Yesterday, a resolution sponsored by St. Albert and Airdrie was passed at the Alberta Municipalities (ABmunis) convention in Calgary.

Municipalities say both the initial funding pot of $340 million for jurisdictions outside of Edmonton and Calgary and the proposed formula to adjust the funding stream are both inadequate. 

They believe it will further challenge municipalities to meet infrastructure needs.

That could result in higher municipal taxes, heavier debt loads, or projects simply not being completed.

Cochrane Mayor Jeff Genung, chair of the Mid-Sized Cities Mayors' Caucus (MCMC), says the 24 municipalities of the caucus had discussed the issue in advance of the convention and the resolution itself was sponsored by two of its members.
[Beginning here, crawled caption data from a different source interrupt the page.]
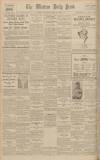 Western Daily Press Wednesday 30 April 1930 Page 12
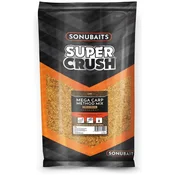 Sonubaits SUPERCRUSH Mega Carp Method Mix Original 2kg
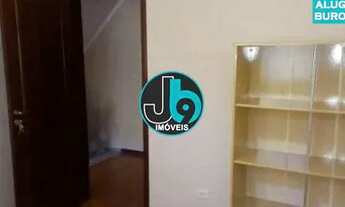 Imagem 4: Locação de Sobrado 4 dormitórios em condominio fechado no Bom Retiro. JB9 Imóveis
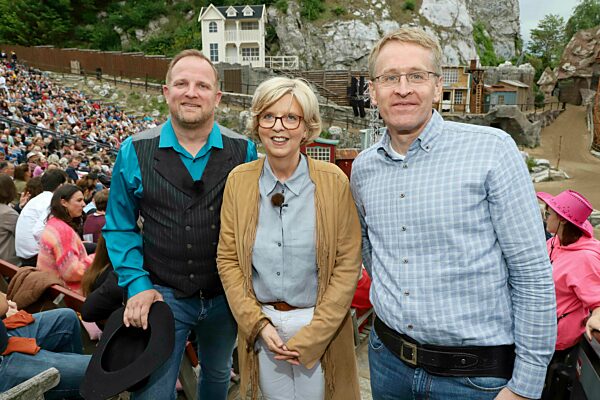 abb-Karl May Halbblut Premiere 2025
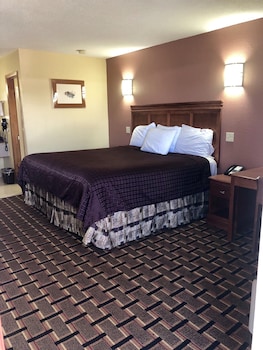 americas best value inn indianola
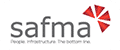 SAFMA Logo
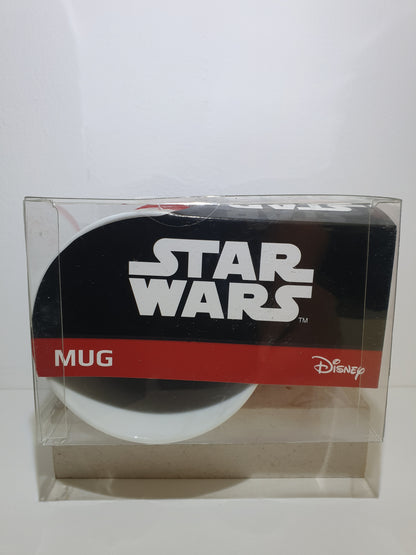MUG STAR WARS GROUPE DARK SIDE EP.7 460 ML ABYSTYLE - NEUF SOUS BLISTER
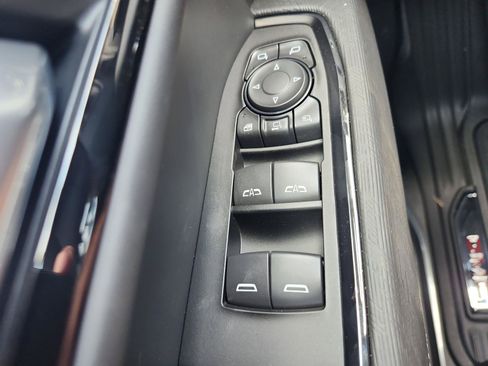 New 2026 GMC Sierra 2500 AT4X AWD/4WD image 21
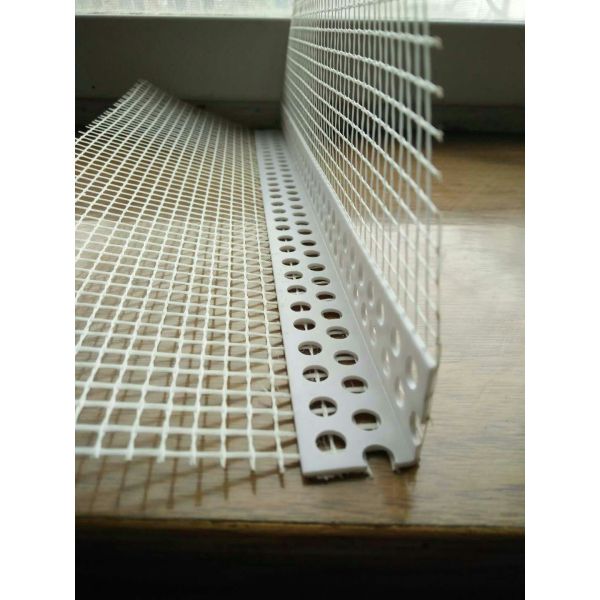 шарик Wallboard 2.5x2.5cm угловой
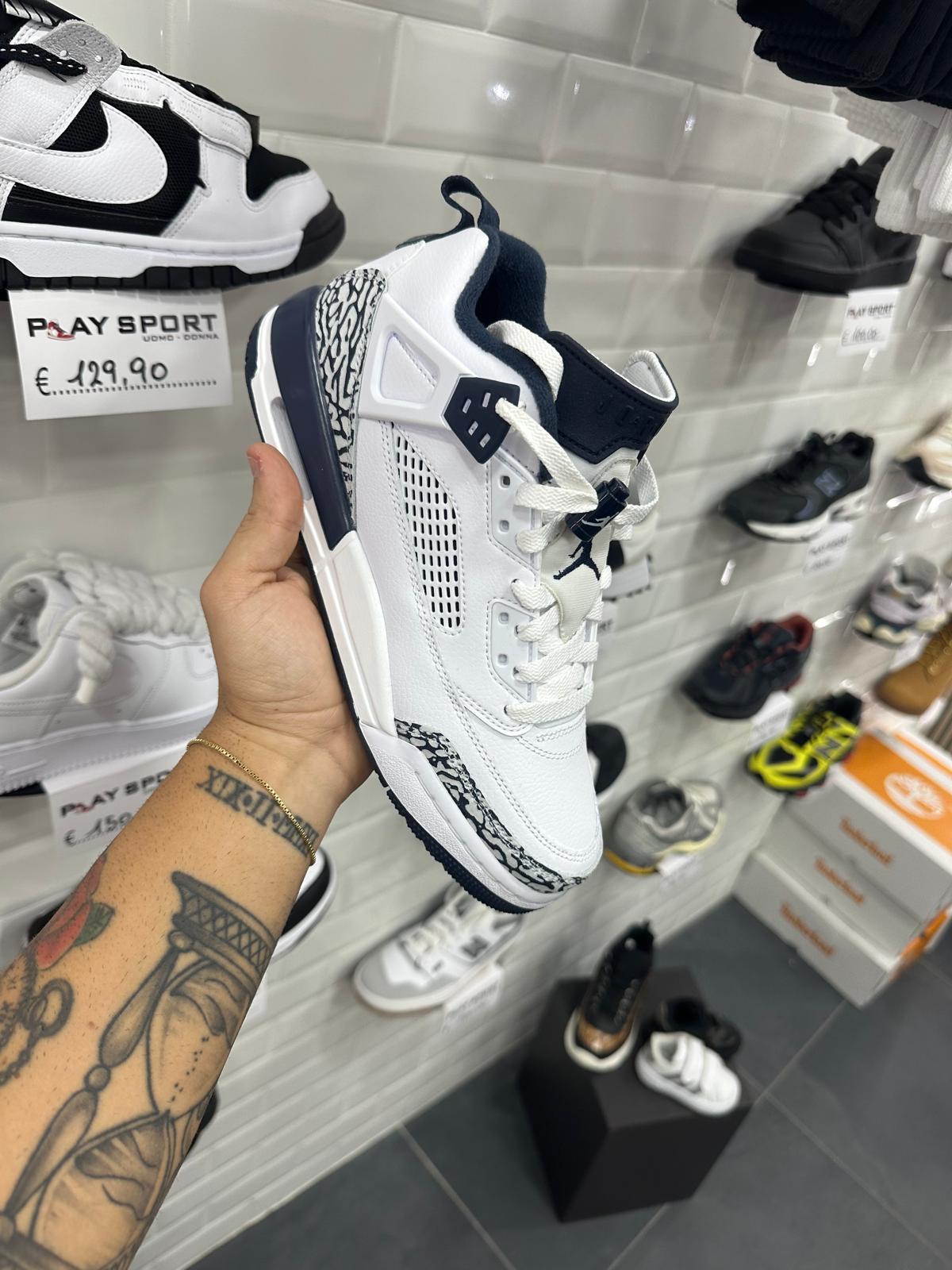 NIKE JORDAN SPIZKE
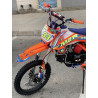 M2R 160CC YX DRAMONDRA  2025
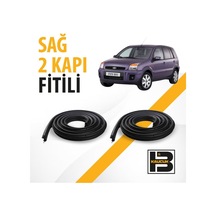 Ford Fusion 2002-2006 Sağ Ön Ve Arka Kapı Fitili Bm03644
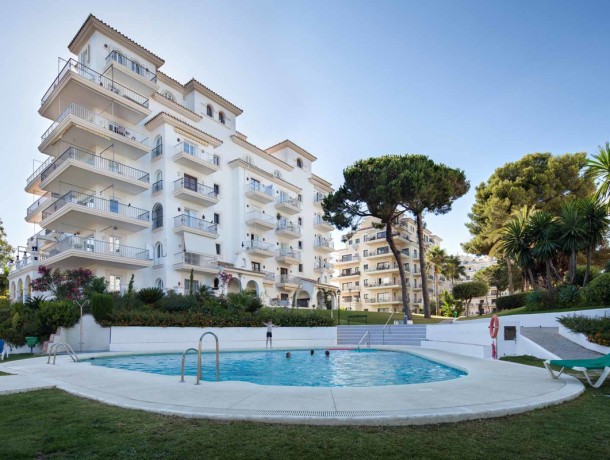 Apartment for sale in Puerto Banús, Marbella
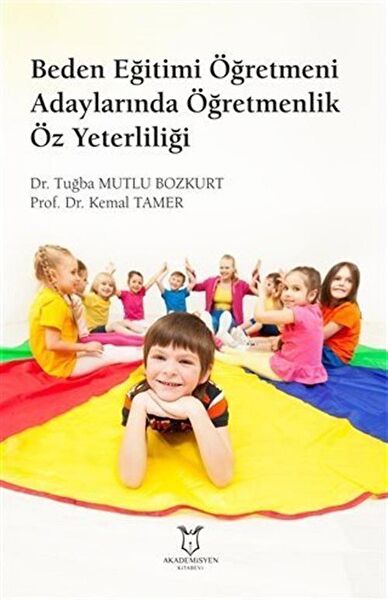 Akademisyen Kitabevi Akademik Kitaplar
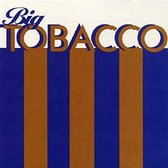Joe Pernice - Big Tobacco (CD)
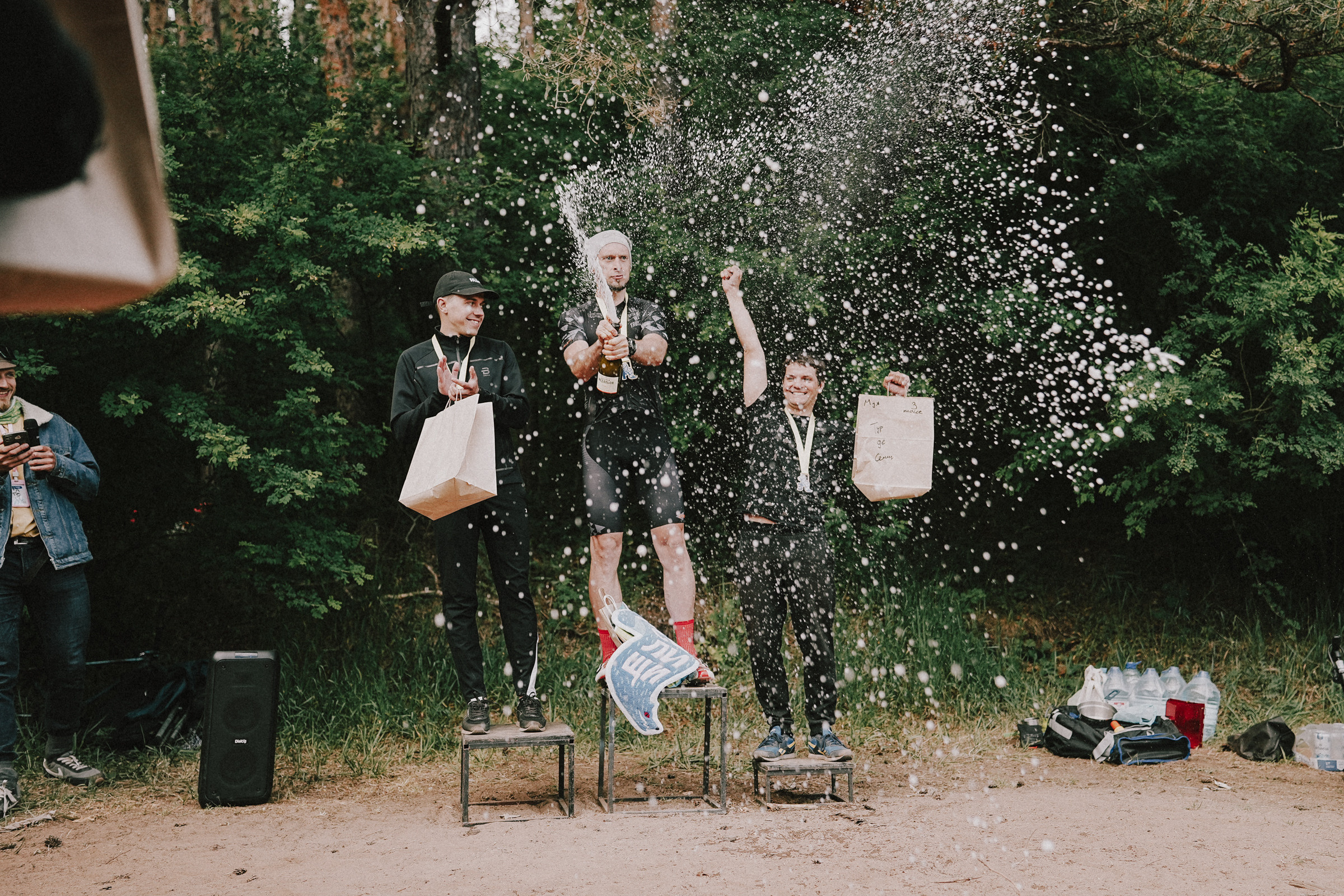 /РЕПОРТАЖ/ Велогонка Тур Де Селищи 2023. Свадебный фотограф Великий Новгород Станислав Кособудский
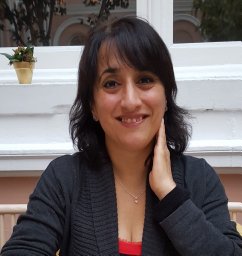 Baljit Cheema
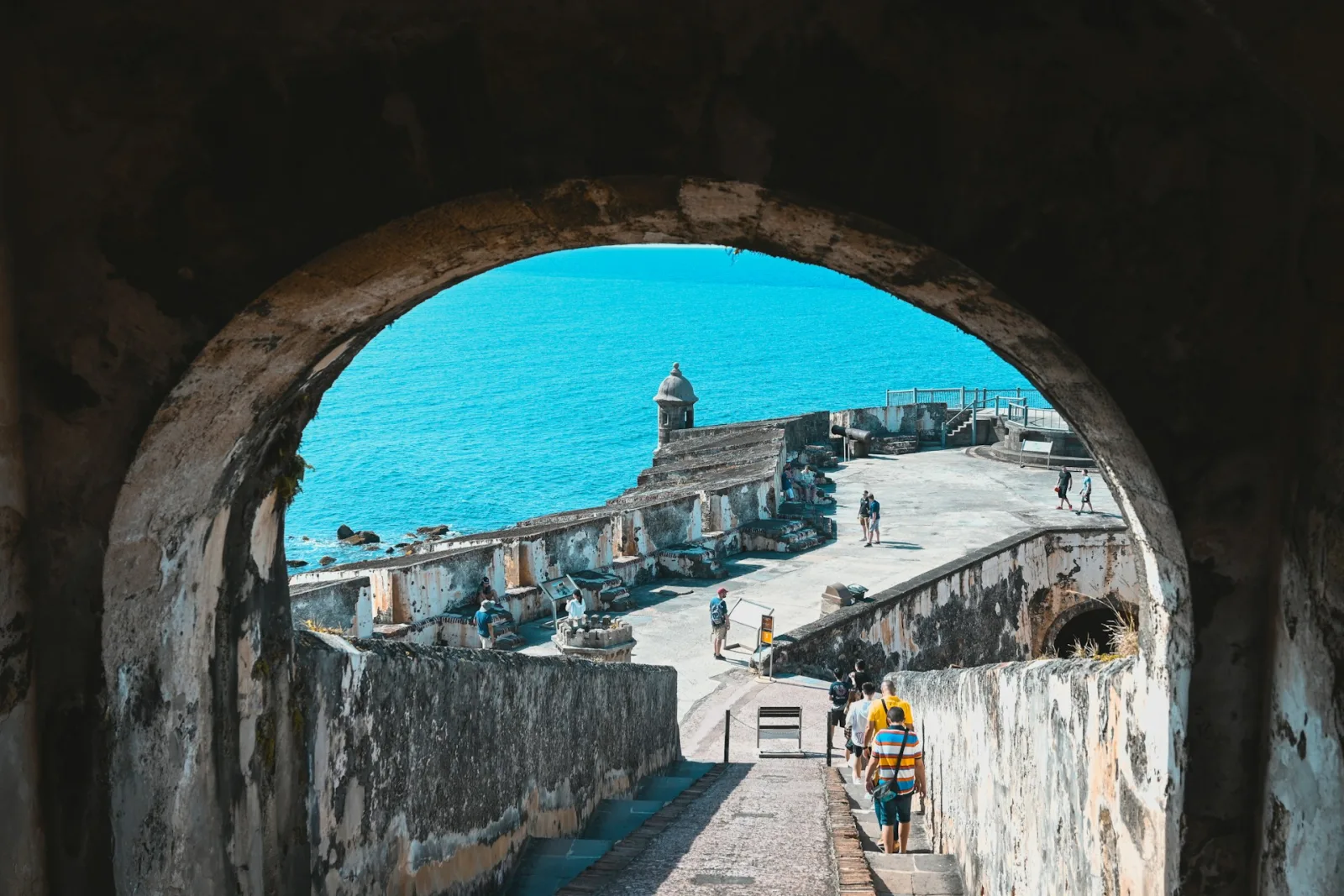 Puerto Rico Trip Cost from India travel guide for Indian travellers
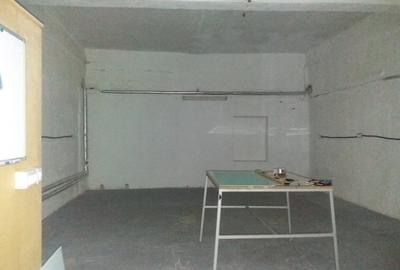 Spațiu comercial, de 50 mp, în Girocului - 3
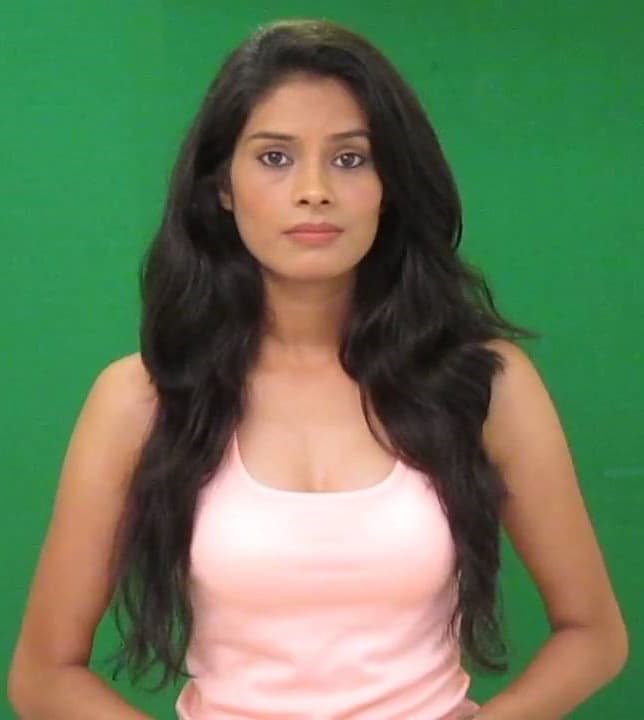 Suman Singh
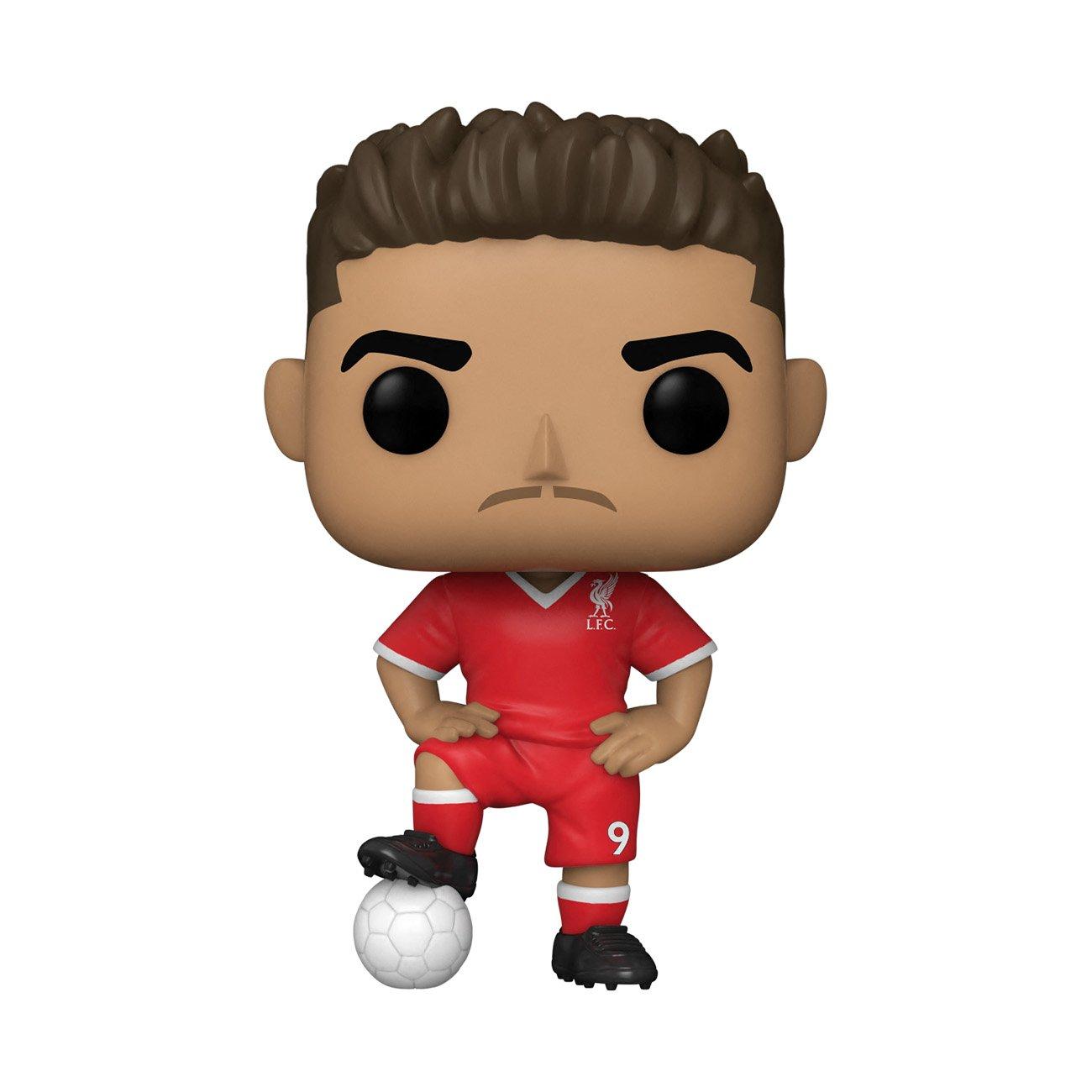 funko women's soccer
As it stands now, they believe LGFF would reduce the funding pot to mid-sized cities by 25 per cent. Genung says the proposed formula to adjust the funding stream will leave them with even less by providing them with 50 per cent of the increased revenue realized by the province, as opposed to a 1:1 ratio. For example, if the province had a 10 per cent increase in revenue, the proposed formula would see municipalities receive a five per cent increase. 

"Not only would we receive less funding overall from the province, to utilize this formula that's being bantered around we get even less, so it's a double-hit, and communities like Cochrane will be severely impacted by this in a time when we have huge infrastructure needs, and we're not alone."

He says Cochranites are not immune to the financial pressures of the province's growth.

"The 1A project is a good example of a project that we had to take on that is a provincial jurisdiction. Yes, we used grants and other means to fund it, but we're trying to be innovative in those approaches, and there are only so many things you can do."

He points to the current outcry to complete the James Walker Trail, a project that is currently tied to revenue generated from the massive Southbow Landing development that is far from getting underway.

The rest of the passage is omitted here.